Many Icelandic adjectives seem to be composed of a noun + _-kenndur. _What does -_kenndur_ normally mean in this context?

(Unfortunately I can't remember any examples of _-kenndur _adjectives right now, but there definitely does seem to be a pattern involving this suffix.)

Þakkir


----------



## NoMoreMrIceGuy

It means that you are associated or named in relation to something.

Examples:

Kenna við (verb)
_
Gunnar, kenndur við Krossinn.
Gunnar of Krossinn.
_
Þjófkenna (verb) to imply that someone is a thief
_
Ég var þjófkenndur!
I was accused of theft/being a thief._


----------



## Alxmrphi

It's because *kenna *also means blame/accuse, right? ("_það er ekki mér að kenna_, it's not my fault, I'm not to blame"), so when you have something like the word for thief, with '_kenndur_' appended it indicates the meaning of an accusation has been launched against you. I'm not sure what restrictions are placed on the combinatorial morphology but it seems to be possible in some circumstances.


----------



## Gavril

NoMoreMrIceGuy said:


> It means that you are associated or named in relation to something.
> 
> Examples:
> 
> Kenna við (verb)
> _
> Gunnar, kenndur við Krossinn.
> Gunnar of Krossinn.
> _
> Þjófkenna (verb) to imply that someone is a thief
> _
> Ég var þjófkenndur!
> I was accused of theft/being a thief._



Could _þjófkenndur _also mean "known *for* being a thief" / "notorious as a thief"? If not, what would be the normal way of saying this?


Þakkir aftur


----------



## kepulauan

_-kenndur_ also means _-like_, as in:

vatnskenndur = water-like = watery

...and many more.


----------



## NoMoreMrIceGuy

Gavril said:


> Could _þjófkenndur _also mean "known *for* being a thief" / "notorious as a thief"? If not, what would be the normal way of saying this?
> 
> 
> Þakkir aftur



No you would not use -kenndur for known. _Þjófóttur_ would be the term for that.


----------



## Gavril

pollodia said:


> _-kenndur_ also means _-like_, as in:
> 
> vatnskenndur = water-like = watery
> 
> ...and many more.



So, would these sound alright?

_Olía er vatnskennt efni.

Tasmanískur úlfur_ [= Tasmanian wolf] _var úlfskennt pokadýr (þó ekki var hann reyndar úlfur)._


----------



## NoMoreMrIceGuy

Gavril said:


> So, would these sound alright?
> 
> _Olía er vatnskennt efni.
> 
> Tasmanískur úlfur_ [= Tasmanian wolf] _var úlfskennt pokadýr (þó ekki var hann reyndar úlfur)._



Isn't one of the defining elements of oil that it's not water, though? 
_
Olía er vökvakennt efni._ <--- This one works.

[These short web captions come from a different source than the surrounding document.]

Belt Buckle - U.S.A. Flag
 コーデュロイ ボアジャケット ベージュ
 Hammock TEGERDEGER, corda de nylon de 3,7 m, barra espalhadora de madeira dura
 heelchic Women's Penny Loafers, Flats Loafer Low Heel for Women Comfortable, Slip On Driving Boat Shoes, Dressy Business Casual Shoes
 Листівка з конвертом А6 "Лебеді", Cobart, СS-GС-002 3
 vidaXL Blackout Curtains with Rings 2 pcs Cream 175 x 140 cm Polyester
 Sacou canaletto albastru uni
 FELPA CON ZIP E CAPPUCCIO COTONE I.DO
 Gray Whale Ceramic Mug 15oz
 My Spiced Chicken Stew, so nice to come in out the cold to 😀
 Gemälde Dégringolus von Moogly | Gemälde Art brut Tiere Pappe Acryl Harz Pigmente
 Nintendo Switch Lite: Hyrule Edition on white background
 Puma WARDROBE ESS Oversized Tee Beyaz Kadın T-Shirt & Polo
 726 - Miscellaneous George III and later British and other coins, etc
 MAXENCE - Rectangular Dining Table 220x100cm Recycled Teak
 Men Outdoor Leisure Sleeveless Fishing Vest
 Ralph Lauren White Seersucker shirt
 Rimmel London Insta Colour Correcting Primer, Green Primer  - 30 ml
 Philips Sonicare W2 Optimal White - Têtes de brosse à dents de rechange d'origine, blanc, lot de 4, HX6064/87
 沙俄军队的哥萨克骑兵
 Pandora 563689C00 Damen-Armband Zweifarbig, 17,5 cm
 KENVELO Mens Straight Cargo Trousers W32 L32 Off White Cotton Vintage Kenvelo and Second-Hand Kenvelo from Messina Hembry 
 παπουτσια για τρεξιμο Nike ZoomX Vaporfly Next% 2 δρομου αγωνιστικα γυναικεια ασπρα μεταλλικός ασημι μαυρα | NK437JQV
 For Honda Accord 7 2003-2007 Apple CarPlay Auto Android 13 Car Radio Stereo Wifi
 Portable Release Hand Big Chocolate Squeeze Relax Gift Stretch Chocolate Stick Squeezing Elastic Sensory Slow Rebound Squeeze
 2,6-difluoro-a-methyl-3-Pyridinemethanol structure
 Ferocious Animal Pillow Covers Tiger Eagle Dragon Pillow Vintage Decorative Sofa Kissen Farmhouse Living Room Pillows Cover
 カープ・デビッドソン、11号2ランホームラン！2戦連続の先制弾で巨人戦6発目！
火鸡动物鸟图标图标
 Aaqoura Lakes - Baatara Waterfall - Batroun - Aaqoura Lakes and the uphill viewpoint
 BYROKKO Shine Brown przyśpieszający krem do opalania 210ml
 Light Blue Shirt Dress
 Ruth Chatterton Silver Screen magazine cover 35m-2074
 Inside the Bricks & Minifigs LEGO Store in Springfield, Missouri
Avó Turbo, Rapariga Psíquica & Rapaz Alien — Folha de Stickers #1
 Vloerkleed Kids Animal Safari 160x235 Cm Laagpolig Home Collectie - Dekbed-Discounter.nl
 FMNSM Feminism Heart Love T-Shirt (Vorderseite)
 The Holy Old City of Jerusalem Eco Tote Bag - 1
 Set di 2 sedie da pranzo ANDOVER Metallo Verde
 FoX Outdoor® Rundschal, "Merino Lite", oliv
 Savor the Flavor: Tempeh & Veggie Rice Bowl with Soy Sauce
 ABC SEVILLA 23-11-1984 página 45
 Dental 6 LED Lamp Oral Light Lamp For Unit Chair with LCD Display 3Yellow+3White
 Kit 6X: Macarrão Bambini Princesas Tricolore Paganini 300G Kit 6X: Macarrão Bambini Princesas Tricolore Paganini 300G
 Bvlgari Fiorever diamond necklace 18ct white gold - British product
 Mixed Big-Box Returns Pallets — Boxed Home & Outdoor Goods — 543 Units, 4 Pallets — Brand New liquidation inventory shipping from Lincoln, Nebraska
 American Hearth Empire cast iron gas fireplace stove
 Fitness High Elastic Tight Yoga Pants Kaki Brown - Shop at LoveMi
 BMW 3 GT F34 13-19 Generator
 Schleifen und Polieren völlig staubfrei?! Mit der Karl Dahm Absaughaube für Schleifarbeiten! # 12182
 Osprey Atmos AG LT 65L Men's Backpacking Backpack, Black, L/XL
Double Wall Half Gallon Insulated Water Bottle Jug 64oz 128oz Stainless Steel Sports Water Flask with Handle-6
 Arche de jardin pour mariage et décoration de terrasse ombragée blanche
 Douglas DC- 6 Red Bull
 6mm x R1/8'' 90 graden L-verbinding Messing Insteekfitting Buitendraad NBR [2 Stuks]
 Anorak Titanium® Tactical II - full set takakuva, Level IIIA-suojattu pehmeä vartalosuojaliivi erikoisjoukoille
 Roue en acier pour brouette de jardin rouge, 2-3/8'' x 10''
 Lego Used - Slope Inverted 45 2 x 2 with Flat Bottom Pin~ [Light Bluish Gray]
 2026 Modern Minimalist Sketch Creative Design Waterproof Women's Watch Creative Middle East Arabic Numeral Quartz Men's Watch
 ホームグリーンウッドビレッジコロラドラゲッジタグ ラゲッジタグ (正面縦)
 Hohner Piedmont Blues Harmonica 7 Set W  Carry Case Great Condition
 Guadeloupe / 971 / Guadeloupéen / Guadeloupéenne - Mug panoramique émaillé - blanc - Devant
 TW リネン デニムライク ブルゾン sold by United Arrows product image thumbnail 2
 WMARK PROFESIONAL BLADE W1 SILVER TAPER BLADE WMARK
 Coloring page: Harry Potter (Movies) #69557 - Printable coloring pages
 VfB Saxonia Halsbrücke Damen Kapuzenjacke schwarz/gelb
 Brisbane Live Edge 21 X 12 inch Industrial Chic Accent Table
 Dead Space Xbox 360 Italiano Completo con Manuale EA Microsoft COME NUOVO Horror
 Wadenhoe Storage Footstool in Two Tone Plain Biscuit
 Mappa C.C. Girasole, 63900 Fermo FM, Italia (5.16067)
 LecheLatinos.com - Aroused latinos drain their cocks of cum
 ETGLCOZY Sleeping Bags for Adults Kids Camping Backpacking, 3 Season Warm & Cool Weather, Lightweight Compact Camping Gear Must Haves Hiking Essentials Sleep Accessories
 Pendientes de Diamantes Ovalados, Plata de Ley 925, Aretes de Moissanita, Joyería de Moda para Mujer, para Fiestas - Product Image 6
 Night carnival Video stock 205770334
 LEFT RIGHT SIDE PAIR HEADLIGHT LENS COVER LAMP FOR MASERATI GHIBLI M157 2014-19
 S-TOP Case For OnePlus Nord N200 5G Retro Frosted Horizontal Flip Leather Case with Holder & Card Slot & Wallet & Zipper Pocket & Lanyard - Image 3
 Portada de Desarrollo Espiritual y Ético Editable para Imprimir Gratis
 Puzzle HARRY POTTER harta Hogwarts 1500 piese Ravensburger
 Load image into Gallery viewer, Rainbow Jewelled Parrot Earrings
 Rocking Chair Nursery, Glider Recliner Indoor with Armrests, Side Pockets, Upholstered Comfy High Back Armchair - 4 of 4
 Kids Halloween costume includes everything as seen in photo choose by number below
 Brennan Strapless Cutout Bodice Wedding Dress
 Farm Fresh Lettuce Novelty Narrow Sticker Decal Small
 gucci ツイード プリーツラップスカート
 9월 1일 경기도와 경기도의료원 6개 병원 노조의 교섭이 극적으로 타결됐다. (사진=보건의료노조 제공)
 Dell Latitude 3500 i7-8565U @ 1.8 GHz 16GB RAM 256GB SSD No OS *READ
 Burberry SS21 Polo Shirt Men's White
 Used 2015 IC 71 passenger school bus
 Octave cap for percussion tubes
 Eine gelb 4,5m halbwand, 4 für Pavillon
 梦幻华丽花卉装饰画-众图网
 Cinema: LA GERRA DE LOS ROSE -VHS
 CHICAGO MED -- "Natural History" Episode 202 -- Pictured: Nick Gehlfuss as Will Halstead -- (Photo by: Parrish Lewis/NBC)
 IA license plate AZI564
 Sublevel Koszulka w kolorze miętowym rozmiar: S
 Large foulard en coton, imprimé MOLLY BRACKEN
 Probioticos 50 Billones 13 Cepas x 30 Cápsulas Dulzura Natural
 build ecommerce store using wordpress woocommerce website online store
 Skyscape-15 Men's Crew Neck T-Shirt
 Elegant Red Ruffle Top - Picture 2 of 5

_Tasmaníutígurinn var úlfslíkt pokadýr._ <--- I'd use _-líkt_ here instead of _-kenndur_.


----------



## Gavril

NoMoreMrIceGuy said:


> Isn't one of the defining elements of oil that it's not water, though?
> _
> Olía er vökvakennt efni._ <--- This one works.
> 
> _Tasmaníutígurinn var úlfslíkt pokadýr._ <--- I'd use _-líkt_ here instead of _-kenndur_.



Hmm, still not sure that I understand.  How about these sentences:


_Vatn er vökvakennt efni.

Þó hann er fjörutíu ára gamall, hegðun hans er enn barnskennd.
_
_Hlynur er mjög laufskennt tré. _(= it has a lot of leaves)

_Edik er sýrukenndur vökvi._

_Vestmannaeyjar eru eldvirknikennt / eldstöðvarkennt svæði._


Or maybe Tazzler and Alxmrphi can point me to a section of an Icelandic grammar book where _-kenndur _adjectives are discussed?

Þakkir/Takk


----------